For the madness of domination and difference explodes into a war in which citizen, neighbor, and brother kill one another. At the center of the novel is the evil inherent in an order in which one person or group would force another to do its will, and a subsequent retelling does not hide it, but reveals that it resides at different levels in the cultural order: in the behavior of a white mistress who is experiencing failing power, in poor whites who fear loss of virility and so beat someone in their midst who boasts differences (12-8-30), with a slave who would deprecate another for her own gain (60-61). The social order often sacrifices those who threaten the order or are considered less important in maintaining it, first of all slaves, but also Mrs.

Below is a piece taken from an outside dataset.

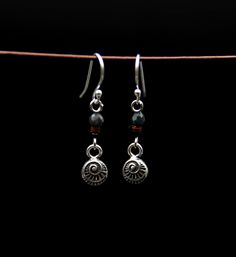 ✅Handmade earrings made from real silver Pendant in small spiral shape and blue garnet bead with real silver ear hook  ✅ Simple but elegant natural look. For nature lovers who love minimalist but elegant jewelry.  ✅ Dimensions Total length 3.5 cm Width of the silver pendant 0.7 cm  ✅ Material Spiral pendant made from 100% 925 sterling silver. Small blue garnet bead, shell discs and black rocaille bead. The earrings are simple and lightweight, the ear hook is made of 925 silver as is the silver s Small Silver Earrings, Spiral Pendant, Natural Jewelry, Spiral Shape, 2 Earrings, Le Crochet, Ear Hook, Single Earring, Nature Jewelry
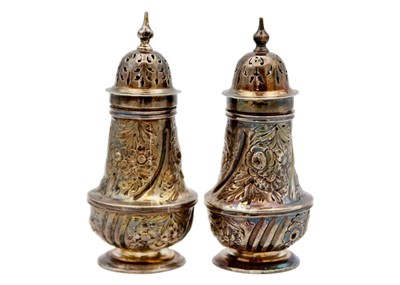 Lot 96 - A pair of Victorian silver foliate embossed pepper casters by Josiah Williams & Co.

Ringer's daughters, who have children without fathers (120), Lawndis, who cries in an unmanly fashion (129), and Casper, whose "paw's no account" (128) -black, female, simple, or poor. To refuse the social order, however, even as Nancy does for a good, exposes everyone to "explosion" and "arbitrariness" (Kristeva, Reader 204), to life without order, in other words, to war. After war, of course, people reconsolidate into a new oppressive order, such as Reconstruction, Jim Crowism, McCarthyism, or consumerism. The discourse breaks and reforms into a new but, nonetheless, coercive discourse. Sapphira, Jezebel, Till, and the "I" would have their stories define those of others.
One of the things this novel is about is declaring the power of the female word to save one's female self. With such power, one creates evil and good and can overturn and assume power in the social order and in language. Sapphira wields the pen while her husband reads, and Till's husband is castrated while she has the power to tell stories, setting in motion the pen of the child. Bal argues that "the actor who relates the story in which he himself figures saves his life through the correct interpretation of the signs that are presented to him" (Bal 147). The greatest threat to the domination Sapphira represents is, indeed, not her replacement as a desirable female by the young, ripe Nancy (104-6, 180) or even as head of a household (2-67), but the replacement of the power of her word.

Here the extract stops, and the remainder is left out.